I asked this exact question to our viewers on UMD Media: If there were to be a war, should the interim government and the military—the army—stand with Ethiopia, with Eritrea, or remain neutral? The fifth option was: I don’t know. So far, as I speak to you—just 18 hours since the poll was posted—521 people have voted. And what I see is: out of these 521 people, 57 percent say Tigray should remain neutral. Those who say it should stand with Ethiopia against Eritrea are 27 percent. Those who say it should stand with Eritrea against Ethiopia are 11 percent, and only five percent say they don’t know.
What’s interesting for me is that on social media, there are, as I mentioned, some factions—especially among media operatives—advocating for siding with Eritrea. But you can see that in this vote, more than double—27 percent—say no, we should stand with Ethiopia. That’s an interesting dynamic.

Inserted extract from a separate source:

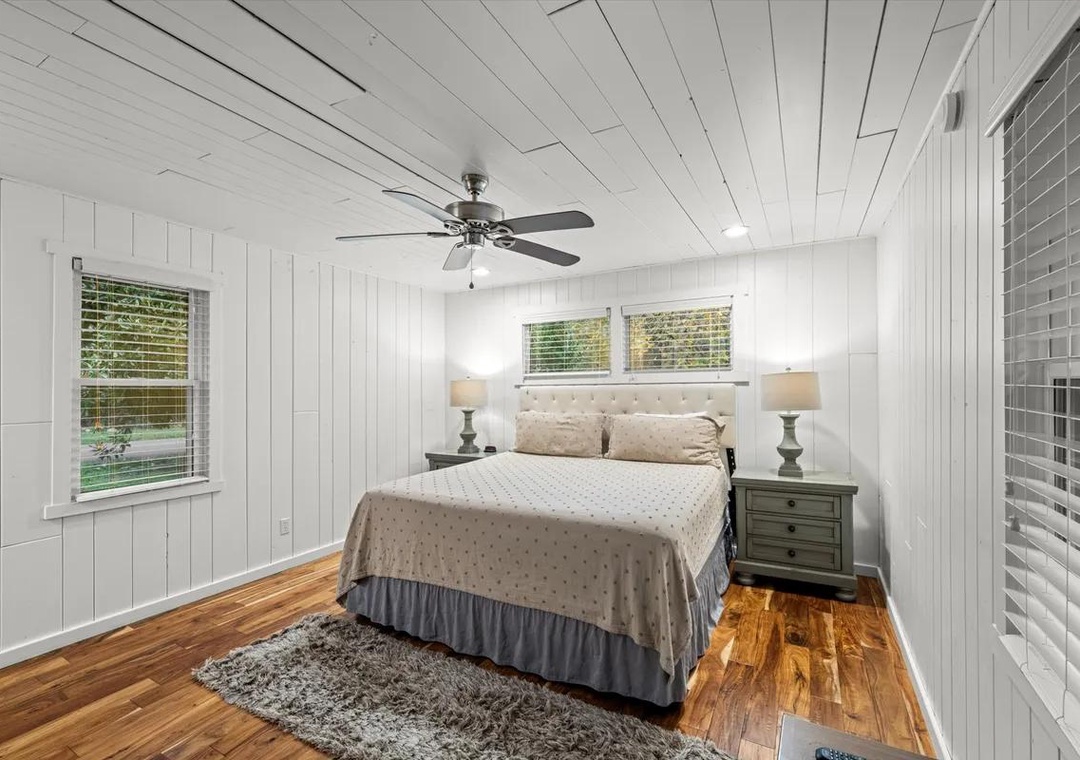 Unwind in your serene cottage-style bedroom, where warm hardwood floors and soft natural light create a peaceful haven. The ceiling fan keeps you comfortable while you relax in this cozy retreat.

Because, for me, staying neutral—I’m not sure how Tigray can actually do that. I’m sure both sides, especially the Eritrean regime, would want the war to be fought on Tigray’s soil, not Eritrea’s. That’s why they are clearly engaging in PR and other efforts—because they want the war to happen in Tigray. As Getachew Reda recently mentioned on UMD Media, Eritrea sees Tigray as a ‘strategic depth’ for their defense—from, or against, Ethiopia.
You once indicated that it was preferable to fight against “Shabia” (Eritrean regime) rather than Ethiopia. What is your current position on this comparison?
It’s the same. I mean, like I said in that interview, my stance is clear—as I’ve said before—not just for our region but for anyone, anywhere in the world. I don’t, and I have never, advocated for war. I will never advocate for war.
My preference would be for all efforts—by everyone—to go toward avoiding war. But if it has to happen, if Tigray is forced to make a choice or take a position, then of course, Shabia should be dismantled. And that’s not only for the sake of Tigray or Ethiopia—but also for the sake of the Eritrean civilian population.
Given the federal government’s centralization efforts and Tigray’s historical autonomy demands, what are the likely scenarios for Tigray’s political and economic future?
Well, again, if you had asked me this before, I might have given you a different answer. But now, we’re not in a position where such scenarios can be articulated easily. One thing I can say, though, is that among the youth, the demand for independence—the desire to establish their own state and country—is strong and clear.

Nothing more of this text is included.